— Work instructions —
Restate the full listing word for word; images stay out of it.

— Provided records —
· · · · ·
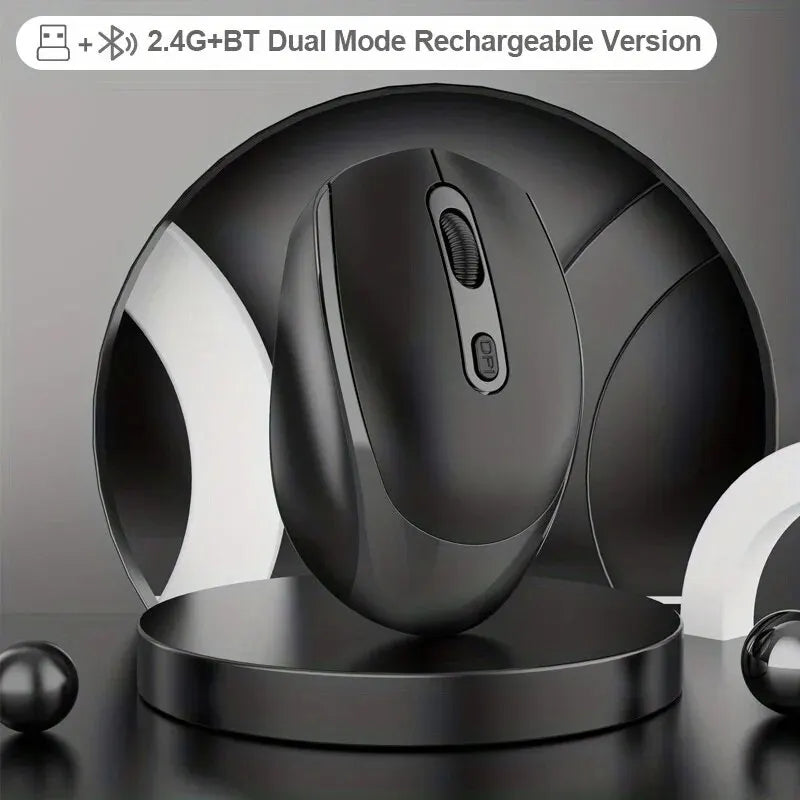 2.4G Rechargeable Dual Mode Wireless BT Mouse(Bluetooth 5.2+USB Receiver) Portable Silent Gaming Mouse,for Laptop/Desktop/Tablet Peaceful Pleasures Health and Wellness SB256-D-BK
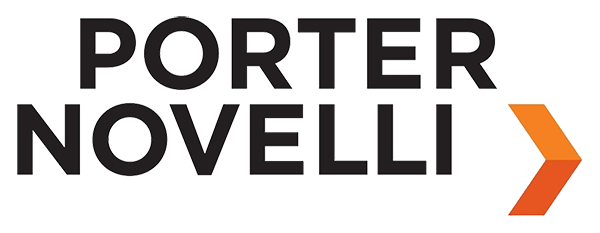 Logo of Porter Novelli emphasizing health equity, featuring bold, gray text partially overlaid with transparent stripes and accented by an orange arrow.
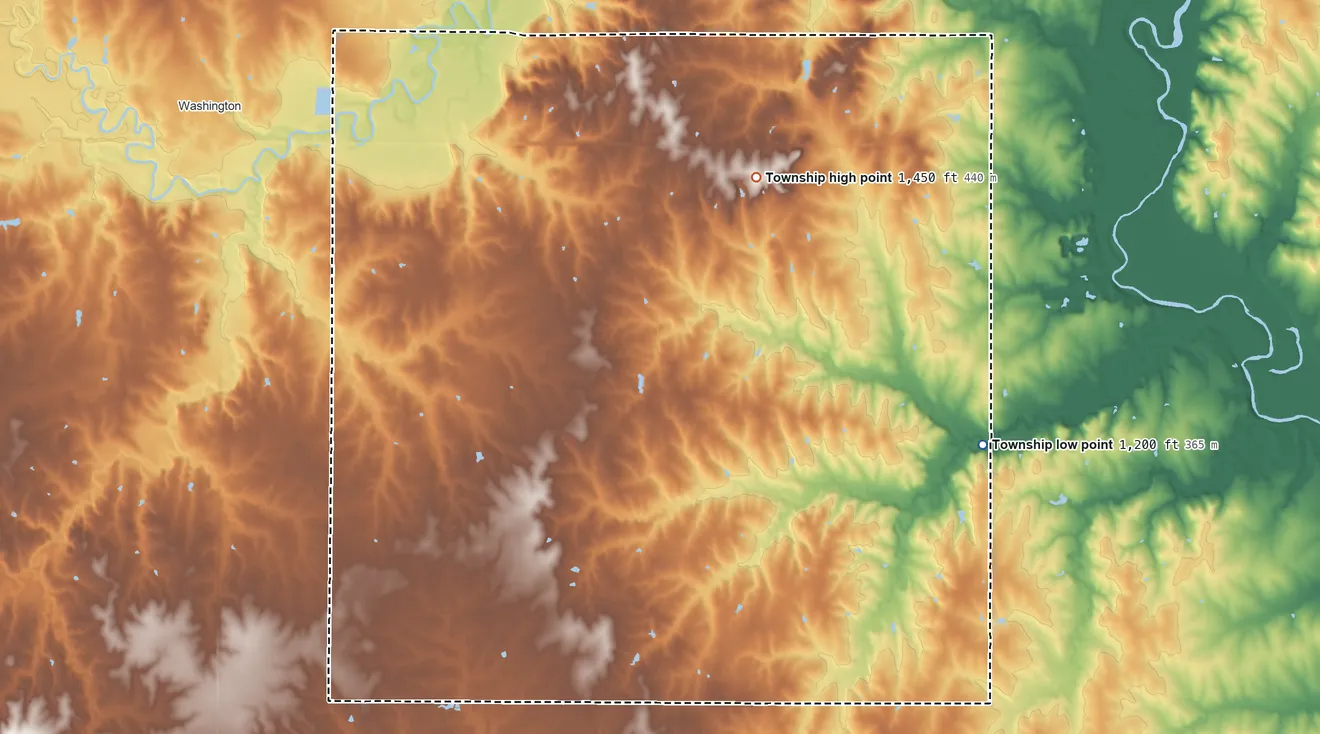 Topographic elevation map of Logan Township, Washington County, Kansas, shaded from 1,200 ft on the east side to 1,450 ft on the northeast side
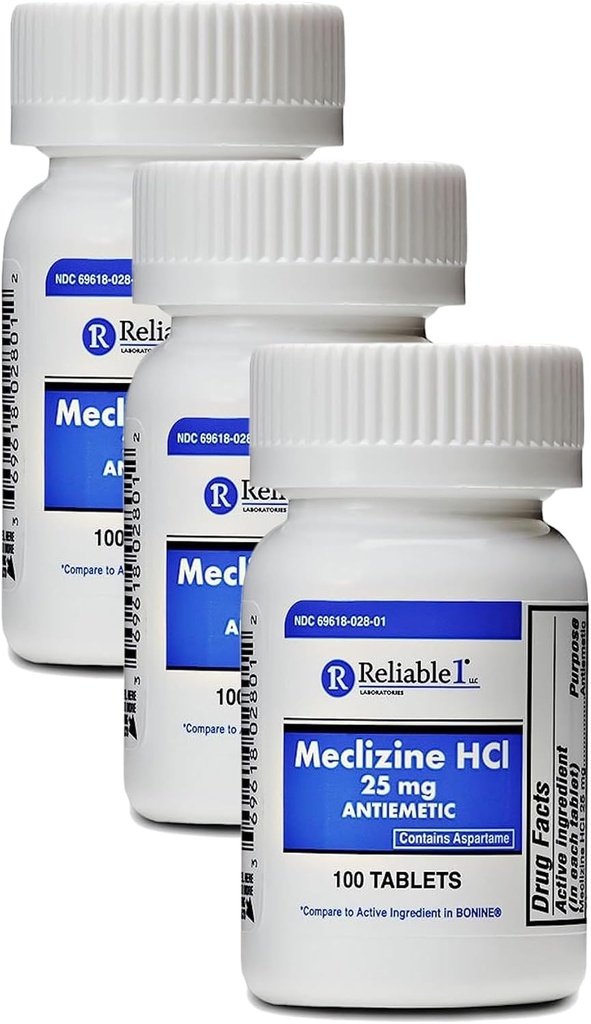 Meclizin HCL 25mg 100 tabletter (1 flaske) (pakning med 3 stk.)
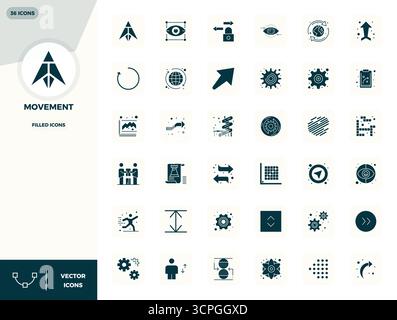 Distinctive pack of 36 PIXEL perfect vector icons inspired by Movement, crafted in Filled format at 128x128 for memorable brand experiences. Stock Vector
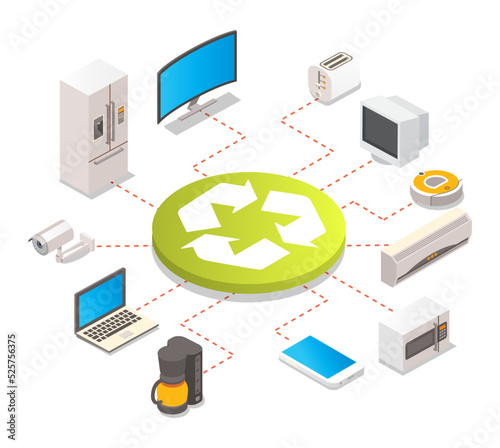 Electronics e-waste recycle 3d vector info graphic photo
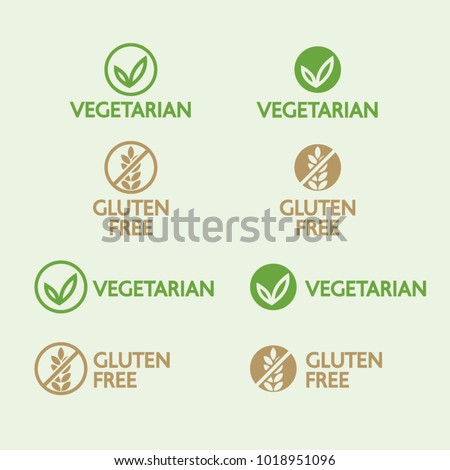 Vector vegetarian and gluten free logos isolated on light green background Royalty-Free Stock Photo #1018951096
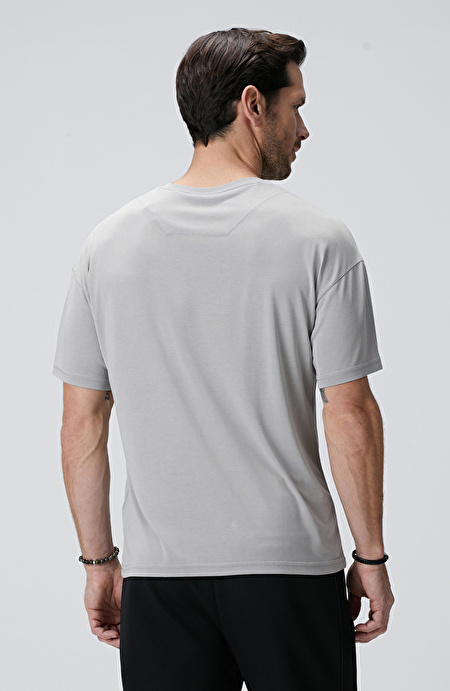 Gri Modal Karışımlı T-shirt_4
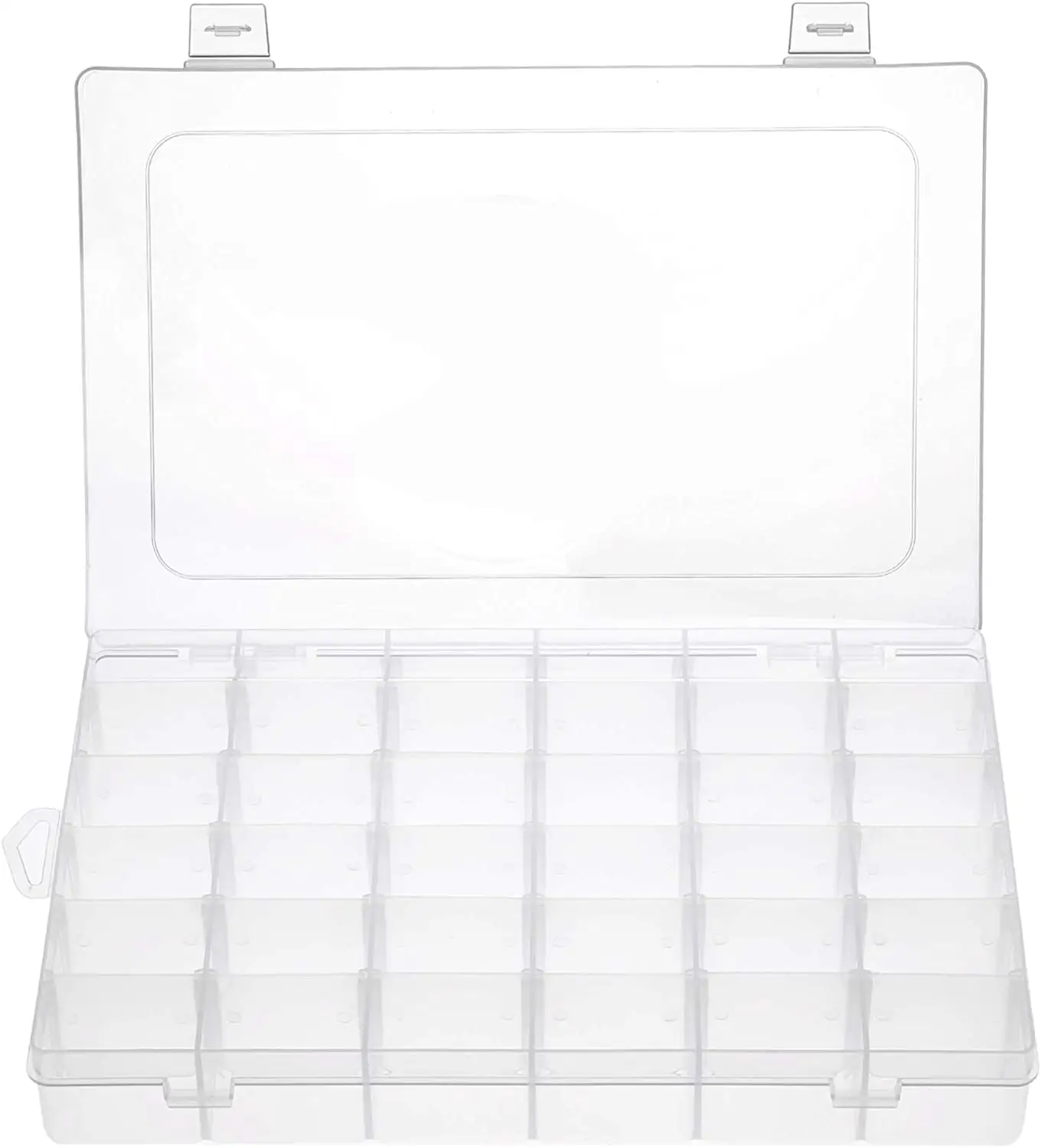 36グリッド透明プラスチックオーガナイザーボックス収納コンテナジュエリーボックス調節可能な仕切り縫製収納ボックス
· · · · ·
— Result of the task —
 2.4G Rechargeable Dual Mode Wireless BT Mouse(Bluetooth 5.2+USB Receiver) Portable Silent Gaming Mouse,for Laptop/Desktop/Tablet Peaceful Pleasures Health and Wellness SB256-D-BK
 Logo of Porter Novelli emphasizing health equity, featuring bold, gray text partially overlaid with transparent stripes and accented by an orange arrow.
 Topographic elevation map of Logan Township, Washington County, Kansas, shaded from 1,200 ft on the east side to 1,450 ft on the northeast side
 Meclizin HCL 25mg 100 tabletter (1 flaske) (pakning med 3 stk.)
 Distinctive pack of 36 PIXEL perfect vector icons inspired by Movement, crafted in Filled format at 128x128 for memorable brand experiences. Stock Vector
 Electronics e-waste recycle 3d vector info graphic photo
 Vector vegetarian and gluten free logos isolated on light green background Royalty-Free Stock Photo #1018951096
 Gri Modal Karışımlı T-shirt_4
 36グリッド透明プラスチックオーガナイザーボックス収納コンテナジュエリーボックス調節可能な仕切り縫製収納ボックス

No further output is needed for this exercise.